Model Selection Based on Evaluation of Random Forest Regressions
Following the performance evaluation of the random forest regressions (for details, Supplementary Material S2), we selected four representative models for our spatial assessment that were well distributed over the 24 h period (Table 2; Figure 4).1 Model T2 at 08:00 h in the morning with highest R2 values and lowest relative offsets, covers the intense heating period during early morning, approximately 3 h after sunrise, when air temperatures rise about 3–4°C/h. The second model at 15:00 h (T9) covers a period shortly before the temperature peak in the afternoon. With the third model at 21:00 h (T15), we cover the evening approximately 30 min before sunset, when air temperatures sharply drop by up to 4°C/h. Finally, the fourth model at 6:00 h (T24) covers the period of minimum air temperatures early in the morning of 1 July.
FIGURE 4. Air temperature curve (black line) from 3:00 h on 30 June to 9:00 h on 1 July 2019 and temporal distribution of selected random forest models (red vertical lines).
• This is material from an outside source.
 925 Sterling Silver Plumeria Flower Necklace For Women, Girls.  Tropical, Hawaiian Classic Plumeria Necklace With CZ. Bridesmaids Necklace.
Air temperature profile corresponds to weather station of the Leipzig University (IM station, cf. Figure 2).
Temporal and Spatial Air Temperature Patterns
The results of the first model at 8:00 h showed air temperatures in the study area ranging from 22.8°C up to 25.0°C (23.9°C mean), equaling to a total amplitude of 2.2°C (Table 2; Figure 5, Supplementary Material S3 for absolute values). Compared to the measured values in the field the model underestimated minimum temperatures by 0.35°C and maximum temperatures by −0.51°C. As for an overall spatial gradient, we found the highest air temperatures in the northern part of the study area, which is closest to the city center and where building density is particularly high. In any part of the area, however, coolest spots corresponded to taller, shading vegetation (shrubs and trees) where air temperatures were approximately 0.5°C lower than those in street zones in the vicinity. As spatially extensive “cold spots”, we could identify allotment garden colonies in the southeast (next to Friedenspark) and at the eastern edge of the study area. Here, maximum cooling effects above 1°C compared to surrounding streets were modeled. Additionally, vegetated backyards also appeared as small-scale cool zones in contrast to the sealed and treeless front sides of buildings.
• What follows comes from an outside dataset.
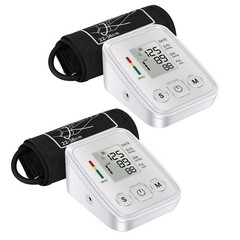 2 Pack Arm Blood Pressure Monitor Digital Portable Machines Voice BP Cuff Meter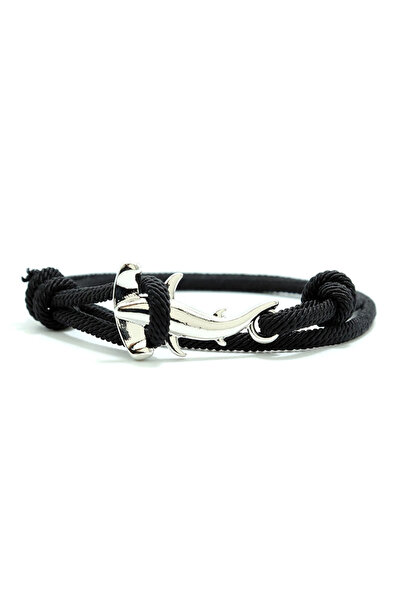 Choice7 Black Silver Marine Flat Shark Rope Bracelet Unisex Grade A Handmade ...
FIGURE 5. Air temperature maps for the four selected points in time depicting deviation from respective mid-range values (central value between minimum and maximum), indicated by M. For representation of absolute values, please see Supplementary Material S3.
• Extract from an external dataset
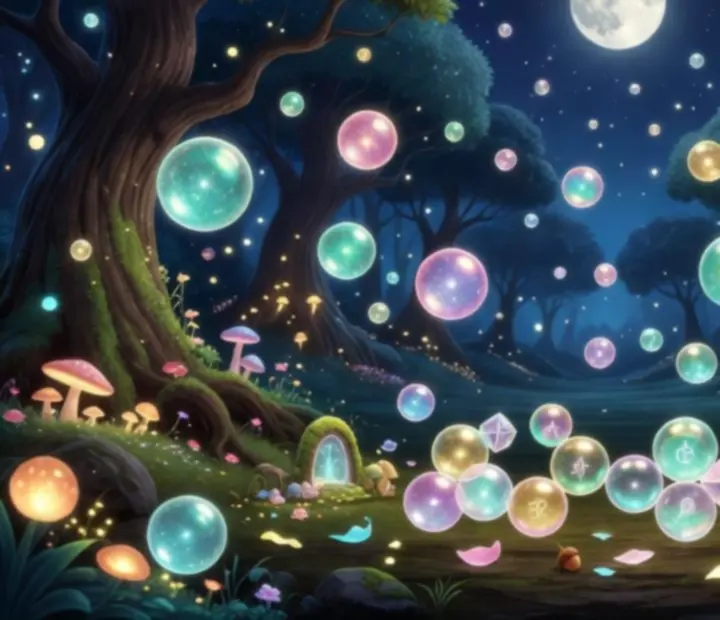 Magický noční les s měsíčním světlem a barevnými bublinami inspirovaný Bubble Witch 3 Saga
For the early afternoon at 15:00 h we modeled air temperatures between 36.7 and 38.8°C (37.7°C mean, 2.1°C amplitude), with values being underestimated by approximately ± 0.5°C, respectively. Temperature gradients were locally confined, with large open spaces being warmer than smaller spaces where shading was prevalent. Notably, the Lene-Voigt-Park and its vicinity appeared as a zone with the highest air temperatures. In fact, we measured values above 39°C during our field campaign only in and around the Lene-Voigt-Park (Supplementary Material S1). In contrast to this hot zone, many vegetated backyards and wider strips of roadside greenery seemed to be sustained as micro-zones of relative coolness. However, significant cooling effects at a larger scale remained only in areas with coherent tree canopies such as in the Friedenspark where air temperatures could be reduced by more than 1°C compared to those in surrounding open spaces. In contrast, areas between trees, e.g., in the Friedenspark, also appeared as traps of warm air, which might be attributable to impaired ventilation.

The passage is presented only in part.